我正在编写一个函数来执行向后逐步特征选择。我使用foreach作为内部循环,假设并行可以节省一些时间。但是,进程查看器显示它在第一次迭代中仅使用多个线程。如果使用%do%
而不是%dopar%
,则代码在一个线程上正常工作。
thedata # my data
fit.ols # model on thedata
cl <- makeCluster(2)
registerDoParallel(cl)
for (i in 1:(nv - max(0,nk - 1))) {
fit2.ols <- fit.ols
pname <- names(fit.ols$Design$unit)
pname2 <- fit.ols$Design$name
pterm <- attr(fit.ols$terms, "term.labels")

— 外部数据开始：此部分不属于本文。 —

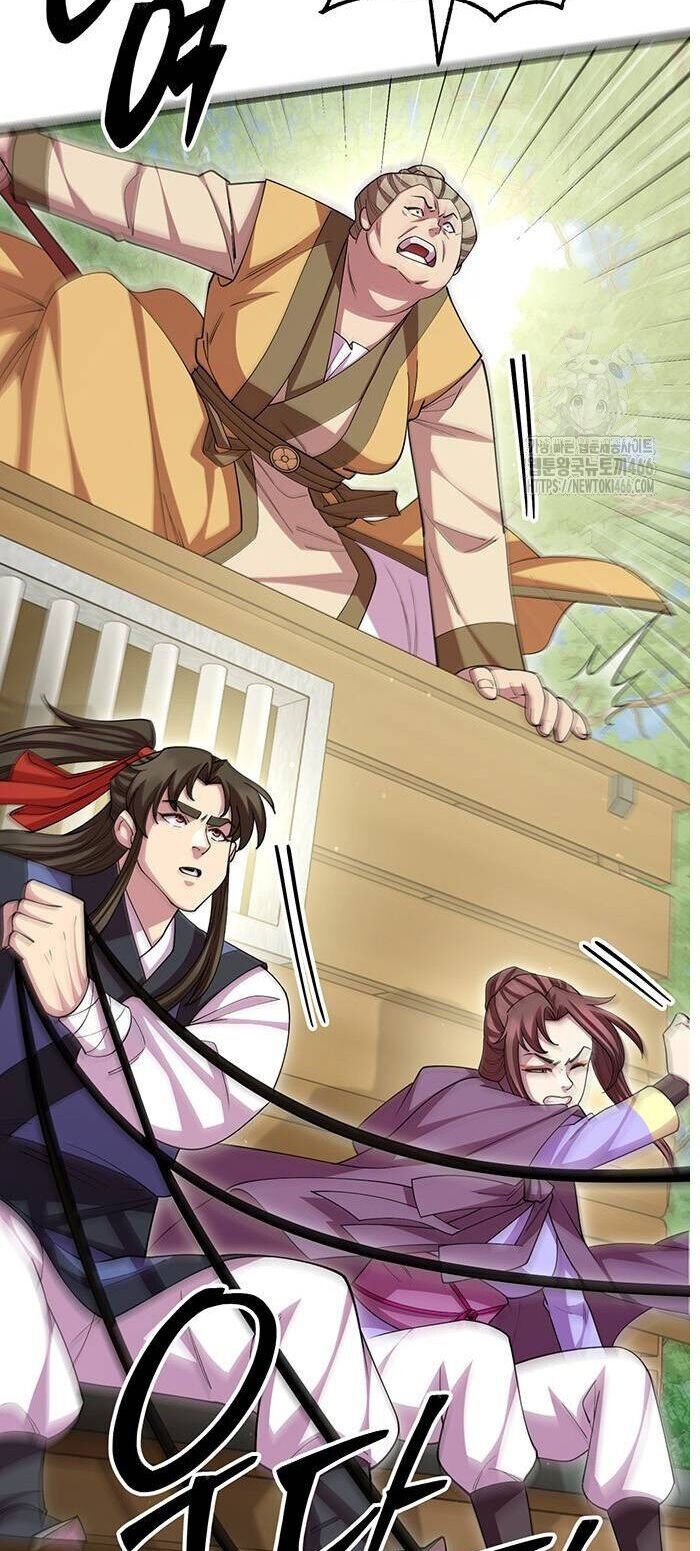 đọc truyện Thiên Hạ Đệ Nhất Đại Sư Huynh Chương 115 ảnh 10 tại Thiên Thai Truyện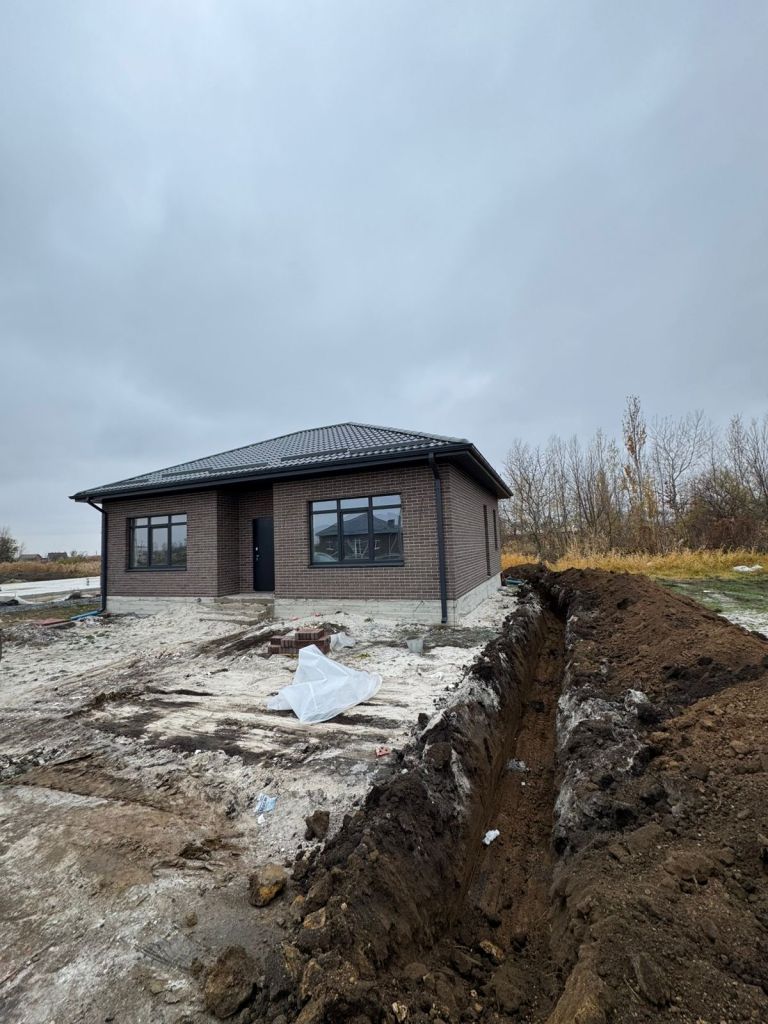 Продажа дома, 100м <sup>2</sup>, 4 сот., Большие Салы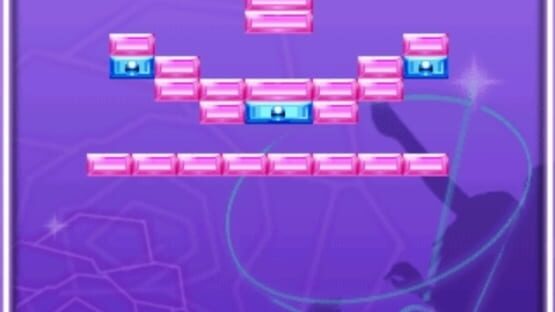 Screenshot for Block Breaker Deluxe 2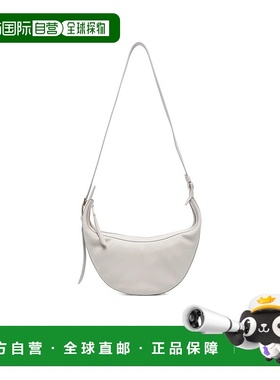 香港直邮Khaite 小号 Augustina 斜挎包单肩包 H6016914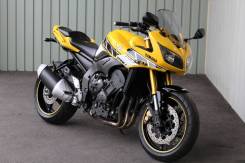 Yamaha FZ 1, 2011 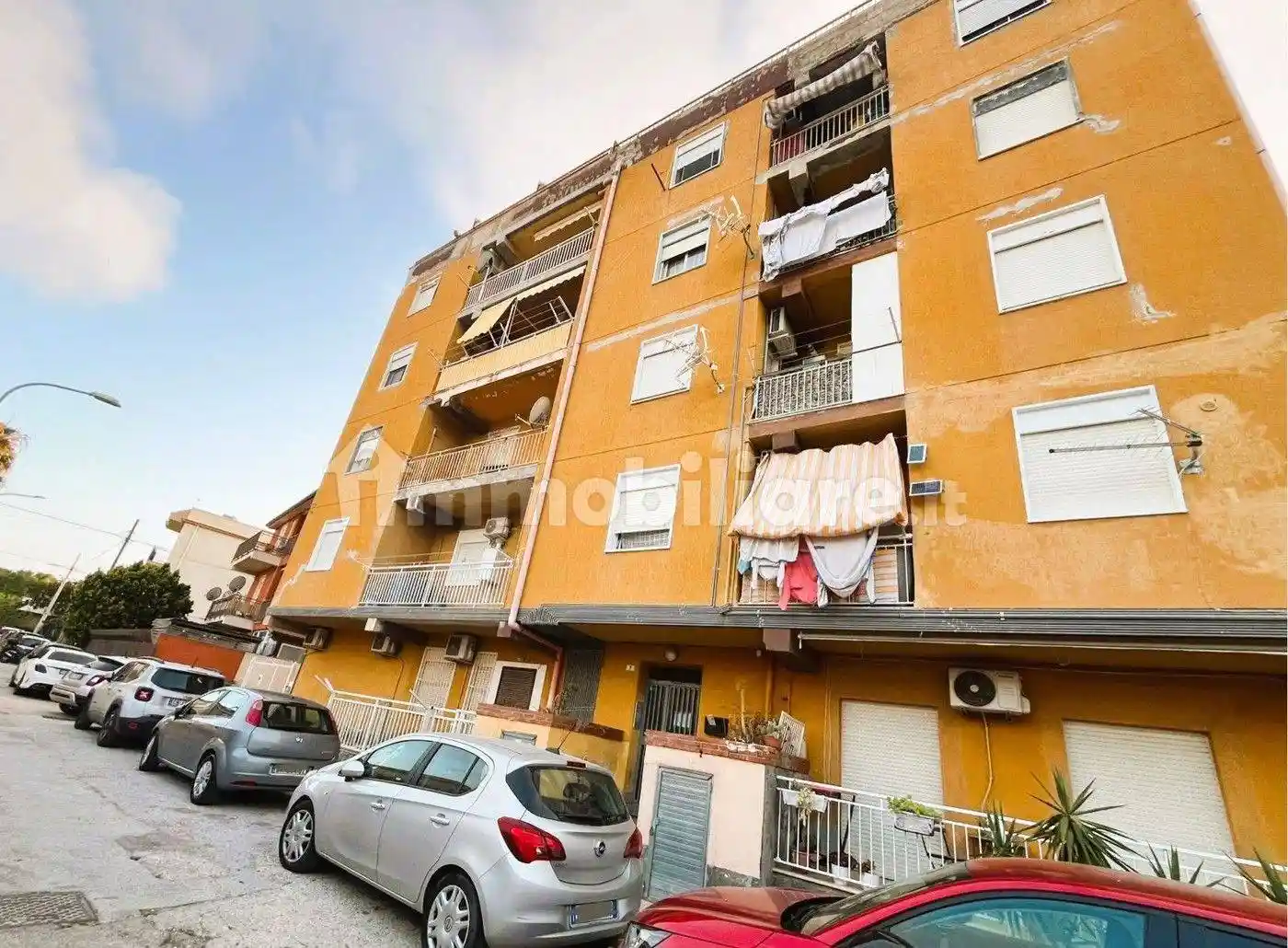 Appartamento in vendita a Agrigento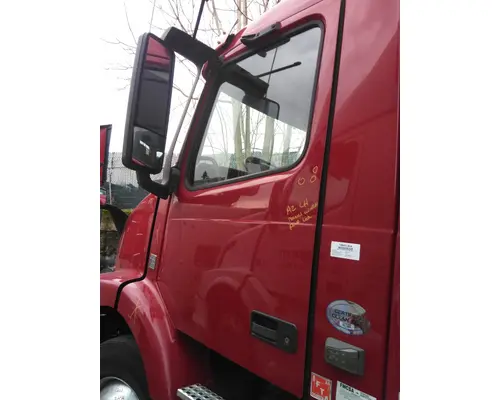 VOLVO VNM 1999-2020 DOOR ASSEMBLY, FRONT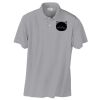Jersey Knit Sport Shirt Thumbnail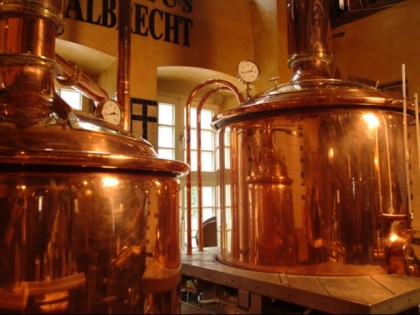 Foto: Brauhaus Joh. Albrecht D&amp;uuml;sseldorf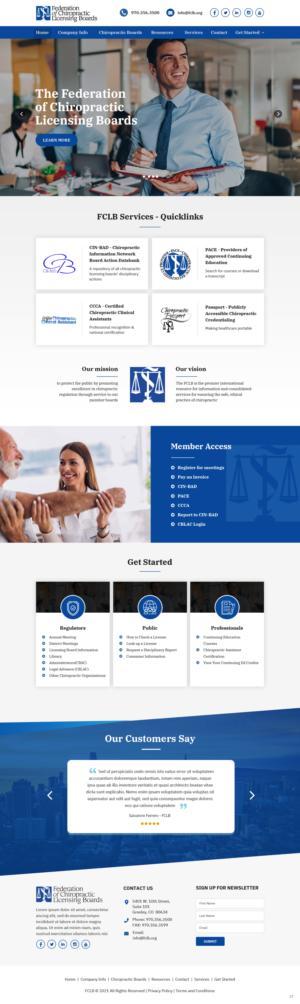 Diseño Web por pb para WebDuck Designs | Diseño: #26765255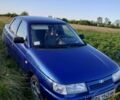 Синий ВАЗ 2110, объемом двигателя 1.6 л и пробегом 250 тыс. км за 1200 $, фото 1 на Automoto.ua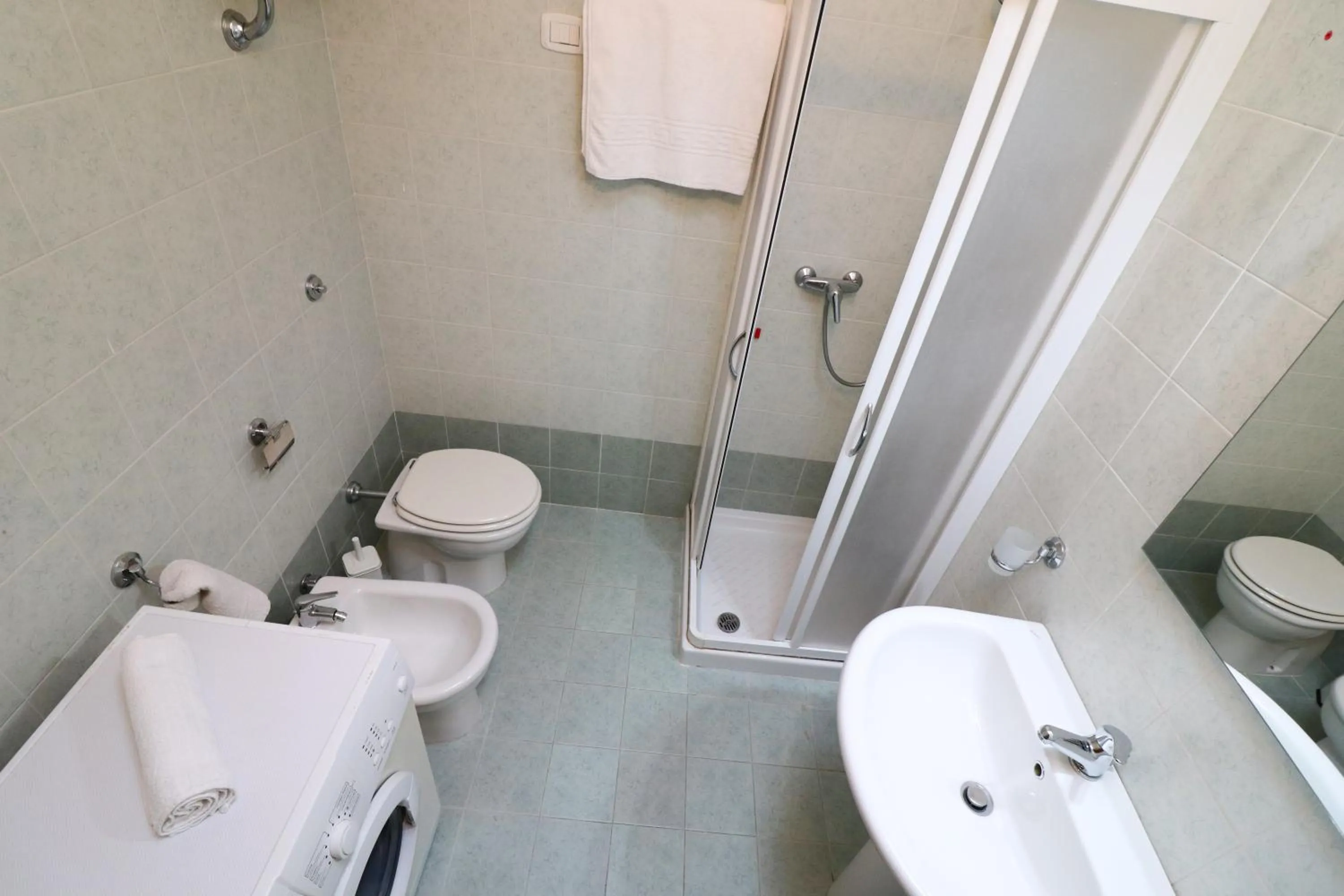 Casa Vacanza Bilo Nadia Otranto 3 posti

drop1Model <- foreach (j = pname,
.packages = c("rms", "stats"),
.export = c("thedata", "pname2", "pterm")) %dopar% {
drop.var <- j
remove.index <-
which(unlist(lapply(strsplit(pname2," \\* "),
function(x)
any(!is.na(match(j,x))))))
remove.term <- pterm[remove.index]
model <- update(fit.ols,
as.formula(paste(
".~ . - ", paste(remove.term, collapse = "-"), sep = ""
)))
drop1Model <- list(drop.var = drop.var,
remove.index = remove.index,
remove.term = remove.term,
model = model)
}
# browser()c
rsq <-
sapply(drop1Model,function(x)
x$model$stats["R2"])
max.rsq <- max(rsq)
drop.index <- which(rsq == max.rsq)[1]
fit.ols <- drop1Model[[drop.index]]$model
dropTerms[[i]] <- drop1Model[[drop.index]]$remove.term
res[i + 1, 1] <- drop1Model[[drop.index]]$drop.var
res[i + 1, 2:3] <- c(i, fit.ols$stats[["R2"]])
if (fit.ols$stats[["R2"]] <= cutoff) {
minimodel <- fit2.ols
}
}
注意:我在Ubuntu 14.04上使用R 3.2.5和最新的rms,foreach和doParallel包。